Rezension Pizzicato Juni 2008 | Alain Steffen | June 1, 2008 Unschätzbare Anda-Sammlung

Da es nicht sonderlich viele Aufnahmen des genialen ungarischen Pianisten Géza Anda gibt, besitzt diese Hommage für den Sammler einen unschätzbaren Wert. Auf 8 CDs erleben wir Anda als einen überragenden Gestalter und Interpreten. Wie wandelbar er sein konnte, wie flexibel und wie natürlich er seine Interpretationen seinen Partnern anpassen konnte, das zeigt die CD mit den Mozart-Konzerten auf eine wundervolle Weise. Darüber hinaus gehört die dynamische, in allen Ecken funkelnde Aufnahme des Klavierkonzerts Nr. 22 KV 482 mit Anda und Constantin Silvestri zu den schönsten des Katalogs. Bei Keilberth (Konzert Nr. 21 KV 467) optiert Anda für einen ganz anderen, romantischeren und runderen Klang, und bei den beiden Konzerten Nr. 20 KV 466 und 23 KV 488 dirigiert Anda selbst. Ebenfalls Raritätswert haben die Aufnahmen der Symphonie Nr. 28 KV 200 von Mozart und des 1. Klavierkonzerts von Beethoven, bei denen Géza Anda ebenfalls als überzeugender Dirigent fungiert. Die Solowerke für Klavier von Ludwig van Beethoven (Sonate op. 10/3 und op. 101) und Johannes Brahms (Intermezzi op. 117, Sonate Nr. 3) sind Musterbeispiele intelligenten Musizierens. Welche Schönheit, welche Tiefe Anda doch hier erreicht!

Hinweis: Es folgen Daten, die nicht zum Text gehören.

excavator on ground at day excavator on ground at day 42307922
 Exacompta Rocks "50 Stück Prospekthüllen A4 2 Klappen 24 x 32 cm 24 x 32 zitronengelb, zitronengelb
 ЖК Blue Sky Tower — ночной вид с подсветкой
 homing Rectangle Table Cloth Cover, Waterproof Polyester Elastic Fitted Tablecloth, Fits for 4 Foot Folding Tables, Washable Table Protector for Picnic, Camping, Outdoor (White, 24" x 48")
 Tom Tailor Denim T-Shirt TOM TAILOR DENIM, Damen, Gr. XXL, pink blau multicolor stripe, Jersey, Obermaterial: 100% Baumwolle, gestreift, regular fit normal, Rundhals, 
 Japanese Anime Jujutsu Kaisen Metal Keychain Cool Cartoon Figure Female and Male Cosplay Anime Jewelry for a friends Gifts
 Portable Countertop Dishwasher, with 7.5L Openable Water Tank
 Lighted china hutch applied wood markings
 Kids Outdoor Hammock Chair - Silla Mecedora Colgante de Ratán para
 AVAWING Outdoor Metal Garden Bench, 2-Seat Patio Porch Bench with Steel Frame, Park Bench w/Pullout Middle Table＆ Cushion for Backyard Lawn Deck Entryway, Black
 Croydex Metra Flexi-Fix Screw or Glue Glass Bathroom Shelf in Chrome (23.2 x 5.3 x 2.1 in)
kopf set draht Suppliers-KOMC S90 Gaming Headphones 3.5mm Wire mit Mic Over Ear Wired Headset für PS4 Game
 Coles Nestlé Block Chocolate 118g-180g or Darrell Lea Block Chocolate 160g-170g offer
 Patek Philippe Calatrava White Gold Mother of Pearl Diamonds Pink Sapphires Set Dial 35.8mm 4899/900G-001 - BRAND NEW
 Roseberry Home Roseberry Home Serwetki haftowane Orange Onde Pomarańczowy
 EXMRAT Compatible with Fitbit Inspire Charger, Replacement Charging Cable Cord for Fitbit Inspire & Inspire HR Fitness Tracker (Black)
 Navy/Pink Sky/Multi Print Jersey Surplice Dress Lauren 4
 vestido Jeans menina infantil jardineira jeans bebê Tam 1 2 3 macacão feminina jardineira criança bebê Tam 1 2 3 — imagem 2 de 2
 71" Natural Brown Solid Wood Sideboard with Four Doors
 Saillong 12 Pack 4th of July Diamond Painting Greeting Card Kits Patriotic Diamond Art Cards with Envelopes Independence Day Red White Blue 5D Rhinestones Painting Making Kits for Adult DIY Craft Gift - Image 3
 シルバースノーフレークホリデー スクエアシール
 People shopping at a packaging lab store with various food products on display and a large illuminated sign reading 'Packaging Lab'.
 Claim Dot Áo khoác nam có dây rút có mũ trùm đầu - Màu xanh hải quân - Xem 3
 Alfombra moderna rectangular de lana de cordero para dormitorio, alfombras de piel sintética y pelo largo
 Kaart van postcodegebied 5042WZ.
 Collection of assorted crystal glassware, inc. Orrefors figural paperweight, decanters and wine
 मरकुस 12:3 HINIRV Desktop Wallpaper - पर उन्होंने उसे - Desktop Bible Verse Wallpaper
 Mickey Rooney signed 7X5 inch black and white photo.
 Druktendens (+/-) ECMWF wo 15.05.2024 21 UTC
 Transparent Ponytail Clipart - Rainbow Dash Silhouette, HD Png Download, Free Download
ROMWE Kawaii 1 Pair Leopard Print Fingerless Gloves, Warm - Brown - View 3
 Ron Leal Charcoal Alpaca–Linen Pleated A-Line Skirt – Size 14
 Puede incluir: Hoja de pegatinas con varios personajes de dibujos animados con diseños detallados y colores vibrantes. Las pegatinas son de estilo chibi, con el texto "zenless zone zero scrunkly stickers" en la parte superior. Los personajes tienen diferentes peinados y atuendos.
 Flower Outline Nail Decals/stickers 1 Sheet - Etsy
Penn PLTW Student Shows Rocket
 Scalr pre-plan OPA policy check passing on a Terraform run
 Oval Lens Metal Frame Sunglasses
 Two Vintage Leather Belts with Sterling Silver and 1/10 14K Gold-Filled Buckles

Auch bei Chopin findet der Pianist die musikalische Wahrheit hinter der Virtuosität und beweist, dass die 24 Préludes bzw. die 12 Etudes des polnischen Meisters alles andere als Salonstücke sind. Diskutabler dagegen scheint mir Andas Annäherung an Schumann. Anstelle von Fantasie setzt Anda größtmöglichen Ernst, was allerdings Stücke wie Kreisleriana, Symphonische Etuden oder Carnaval nicht immer ins optimale Licht rückt. Somit bleiben die Schumann-Werke in der Aussage etwas akademisch, wenn Anda spieltechnisch auch hier wieder eine Meisterleistung bietet.

Die vierte Doppel-CD ist Werken von Bela Bartok gewidmet und ist die vielleicht aufregendste Publikation der Serie. Anda spielt hier die beiden Klavierkonzerte, Nr. 1 unter der Leitung von Michael Gielen, Nr. 2 unter Ferenc Fricsay, mit dem er ja einige Jahre später alle drei Konzerte für Deutsche Grammophon aufgenommen hat. Andas frische und direkte Annäherung dieser früheren Aufnahmen zeigt den Pianisten weniger auf der Suche nach Wahrheiten als in der Auseinandersetzung mit Klang und Struktur. Somit wirken beide Konzerte zugänglicher, zumal sowohl der junge Gielen wie auch Fricsay mit der gleichen Stringenz vorgehen wie der Solist. Georg Solti ist Andas Partner in der Sonate für zwei Klaviere und Schlagzeug, ein rares historisches Dokument und darüber hinaus in einer dynamischen und vollblutigen Interpretation. Sehr schön auch die Klaviersuite op. 14, die Anda als einen genuinen Bartok-Interpreten ausweist, sowie die weniger bekannten 'Kontraste für Klarinette, Violine und Klavier' mit u.a. dem hervorragenden Tibor Varga.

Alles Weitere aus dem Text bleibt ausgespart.